Mo. high court hears challenge to 2005 law limiting damages in medical malpractice cases

By David A. Lieb, AP
Thursday, January 14, 2010

Mo. court hears challenge to malpractice limits

JEFFERSON CITY, Mo. — Missouri’s top judges questioned on Thursday whether a 2005 law limiting medical malpractice lawsuits is being wrongly applied to people retroactively and is discriminating against the spouses of those injured.

Attorneys for patients argued to the state Supreme Court that the law violates numerous provisions of the Missouri Constitution and that lawmakers had no rational basis to reduce the amount of money that people who had been harmed could win from medical providers.

The law was a priority of the Republican-led Legislature and then-Gov. Matt Blunt. They claimed “tort reform” was essential to curtail rising liability insurance premiums for doctors and to ensure that health care was available and affordable for Missouri residents.

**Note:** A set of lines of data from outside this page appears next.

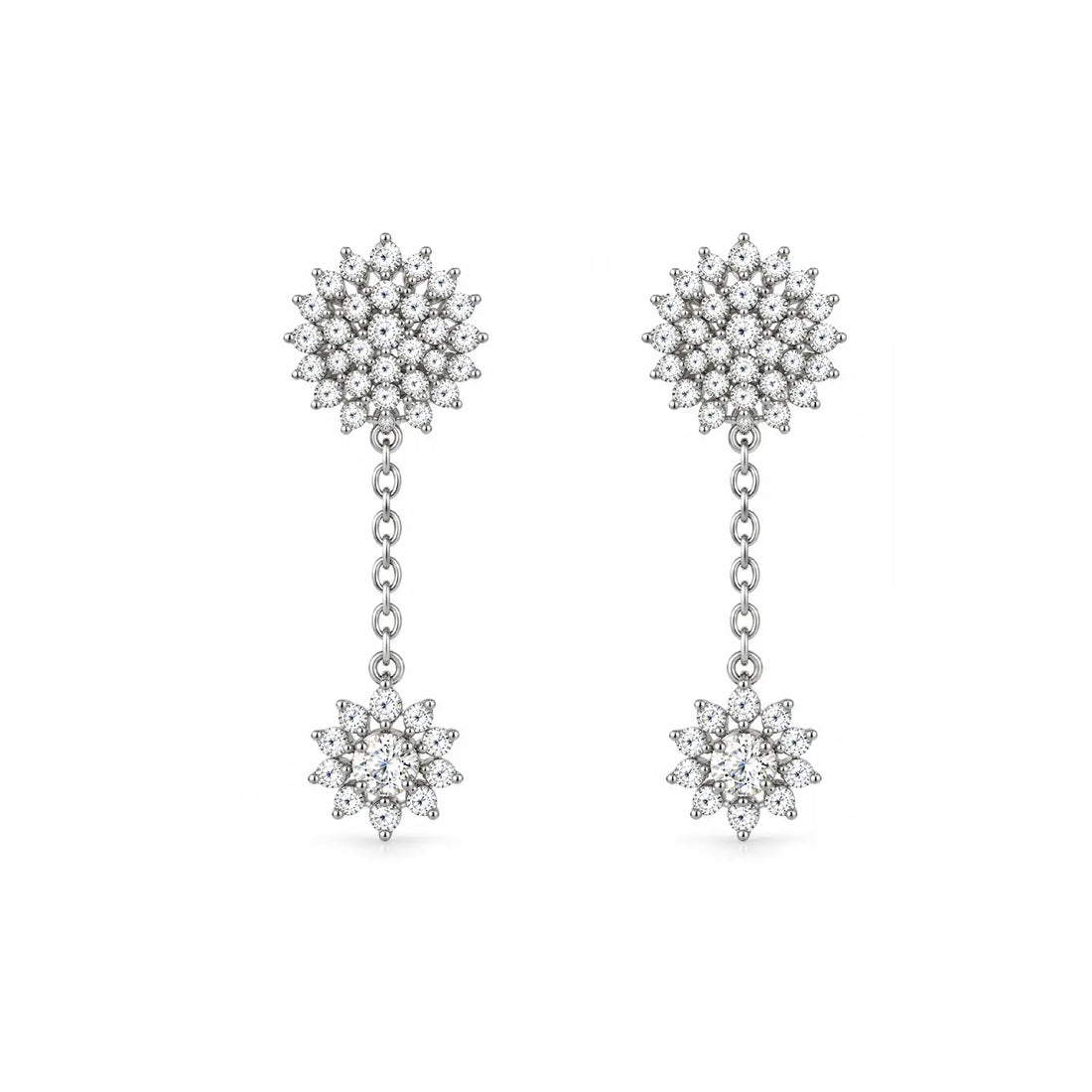 Elegant Floral Cascade Silver Earrings - Made With Pure 925 Silver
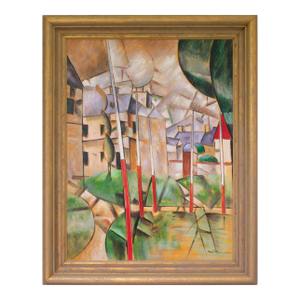 E. Pullman, Abstract Cityscape Cubist Oil on Canvas Painting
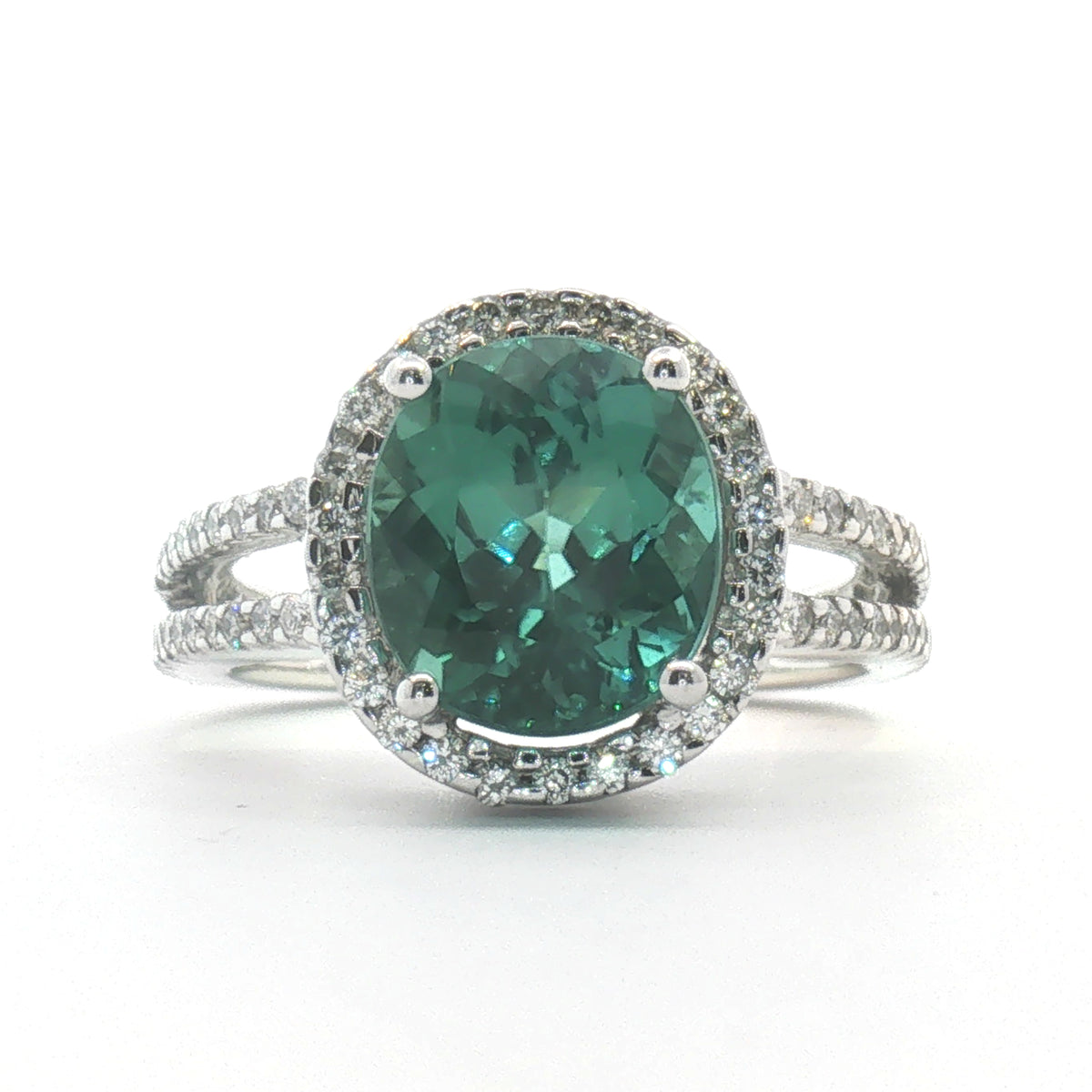 18K Deep Seafoam Tourmaline Split Shank Fashion Ring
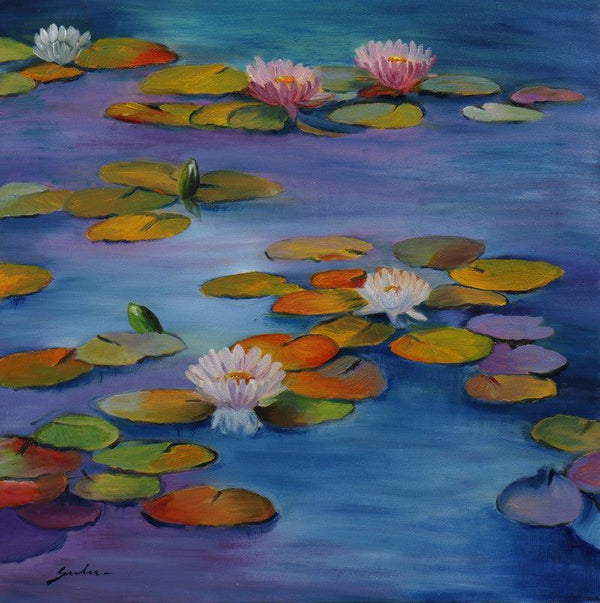 Landscape oil painting titled 'Lily Pond 19 24x24', 24x24 inches, by artist Sulakshana Dharmadhikari on Canvas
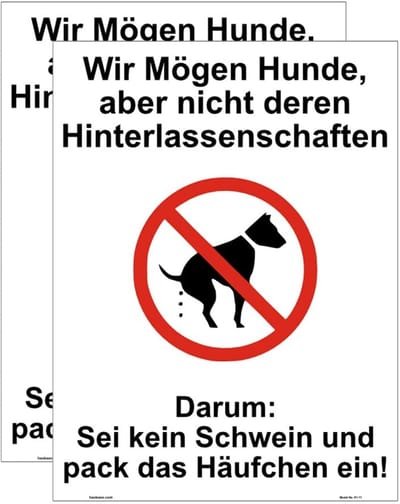 Dailygoody - Geen Hondentoilet Bord Stickers - Zelfklevend Vinyl - 2 Stuks - 15 x 20 cm - Zwart en Rood - Outdoor Gebruik - Voor Dierenliefhebber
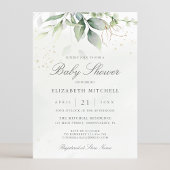 Eucalyptus Botanical Gold Modern Baby shower Kaart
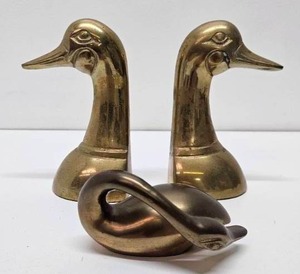 Mid Century Duck Head Bookend Set Plus Brass Goose Statue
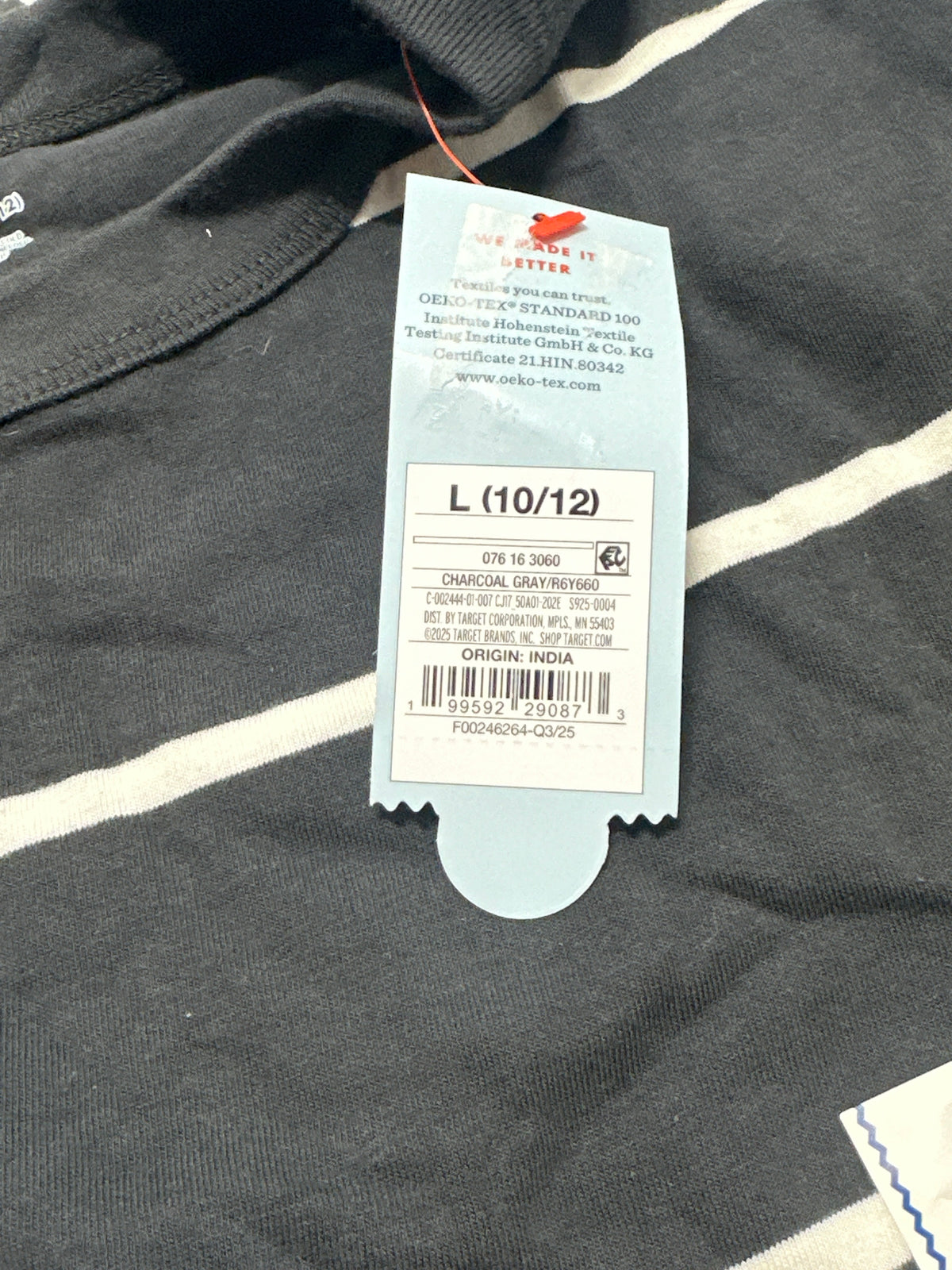 Cat & Jack Charcoal Gray Relaxed Striped T Shirt Size L (10-12) - photo 6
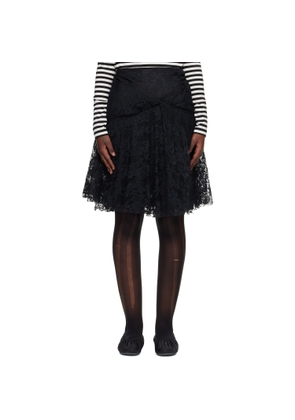 Junya Watanabe Black Nylon Raschel Lace Midi Skirt
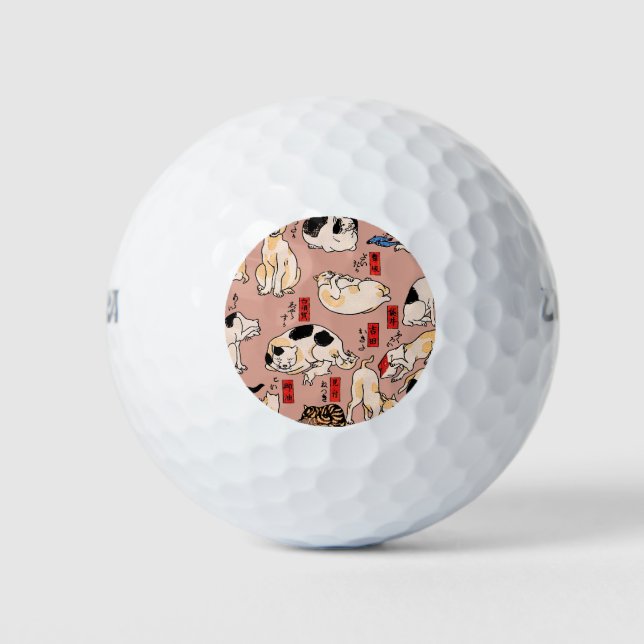 japanese cats Ukiyo-e Funny kitty Golf Balls (Front)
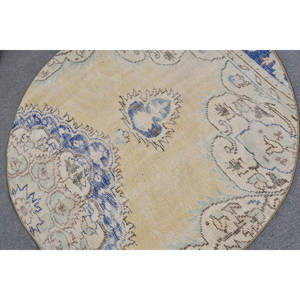 Tapis turc vintage beige bleu 4.5x4,5 pieds fait à la main en laine avec support en latex Patchwork Design Style Tabriz pour salon adolescent - Product Image 5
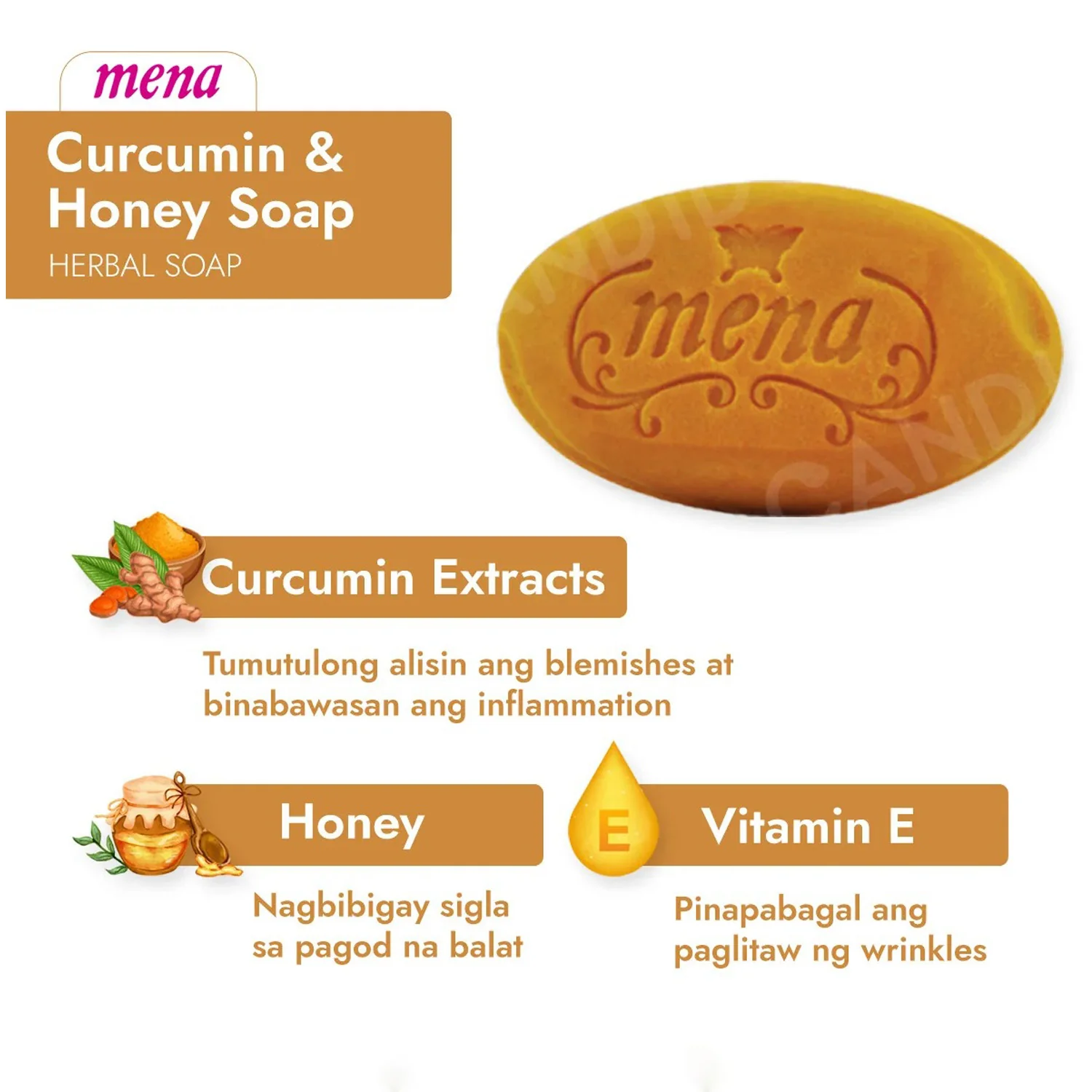 Mena Herbal Soap with Scrub Curcumin & Honey - 100g - Image 7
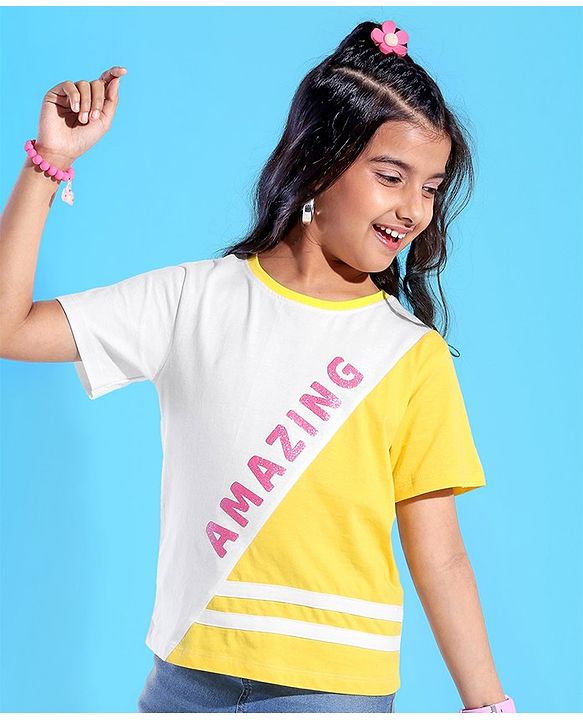 Pine Kids 100% Cotton Half Sleeves T-Shirt Cut & Sew Design - Snow White & Yellow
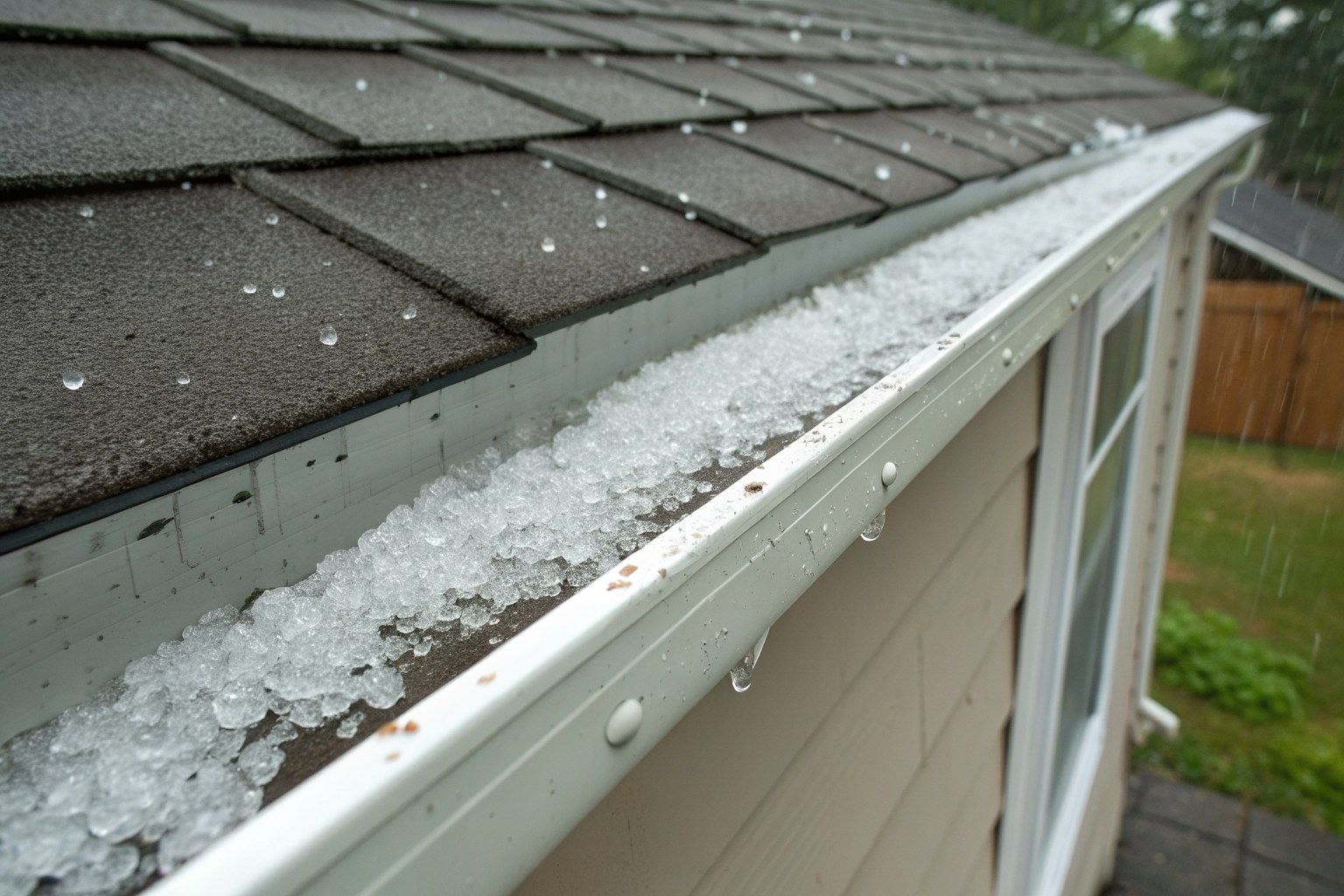 Hailstones piled in a white gutter at the edge of a shingle roof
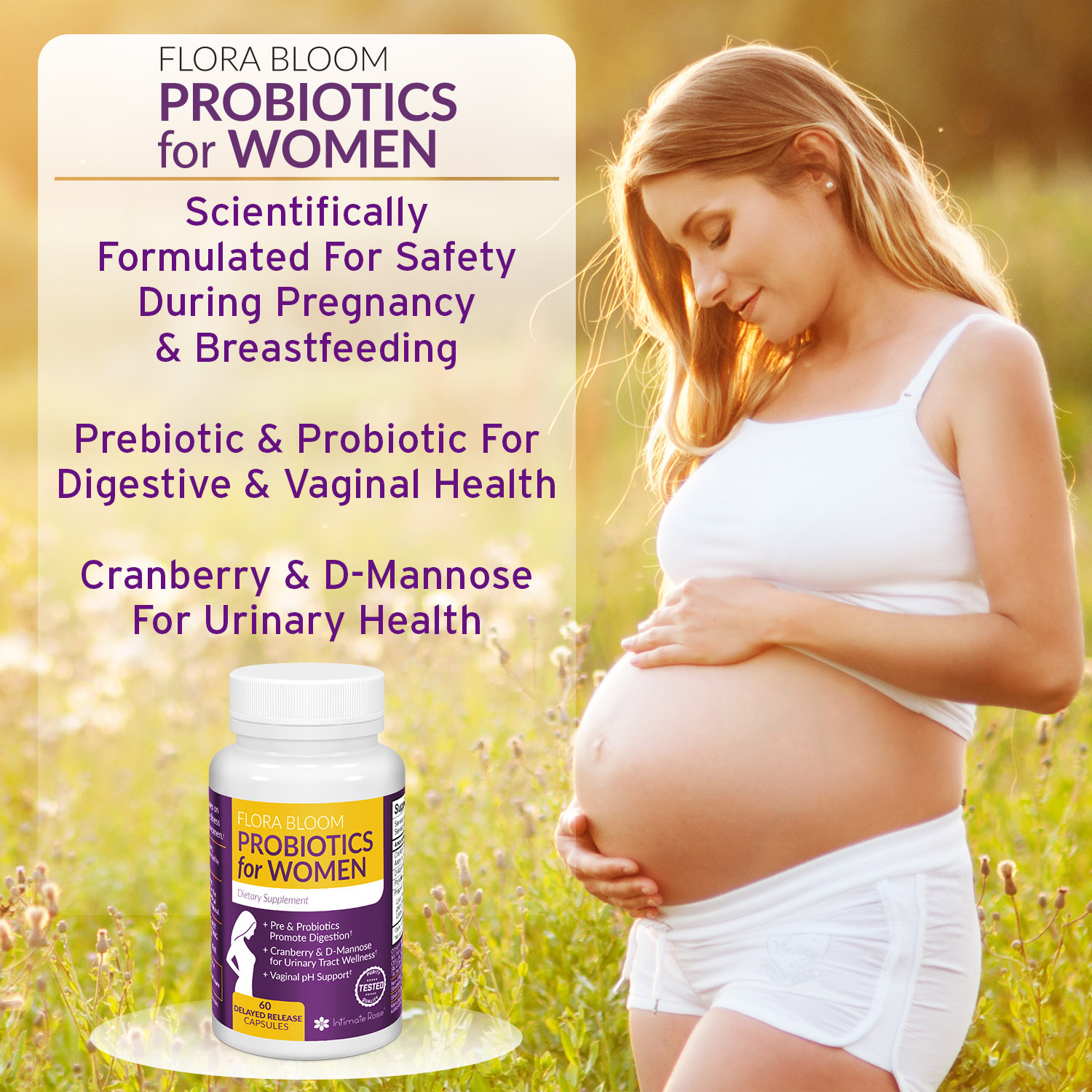 Flora Bloom Probiotics for Women Supplement Feminine Formula for UTIS and GBS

A main change in the 2005 law lowered the cap for non-economic damages such as pain and suffering in medical malpractice cases to a flat $350,000 per lawsuit. Missouri’s previous limit of $579,000 had been adjusted annually for inflation and had been interpreted by courts to apply to multiple parties in a lawsuit.

Specifically at issue Thursday was the case of James and Mary Klotz of suburban St. Louis, who sued after James Klotz had a pacemaker implanted in March 2004 and subsequently contracted a staph infection that contributed to other health problems.

Although the Klotzes originally sued in December 2004, they dismissed that case and re-filed a lawsuit in December 2006. A jury awarded James Klotz more than $2 million and Mary Klotz more than $500,000, with non-economic damages comprising more than half their combined total. The trial judge then reduced James Klotz’s non-economic damages to the cap imposed by the 2005 law and eliminated them for Mary Klotz because the law required that they be counted under her husband’s total.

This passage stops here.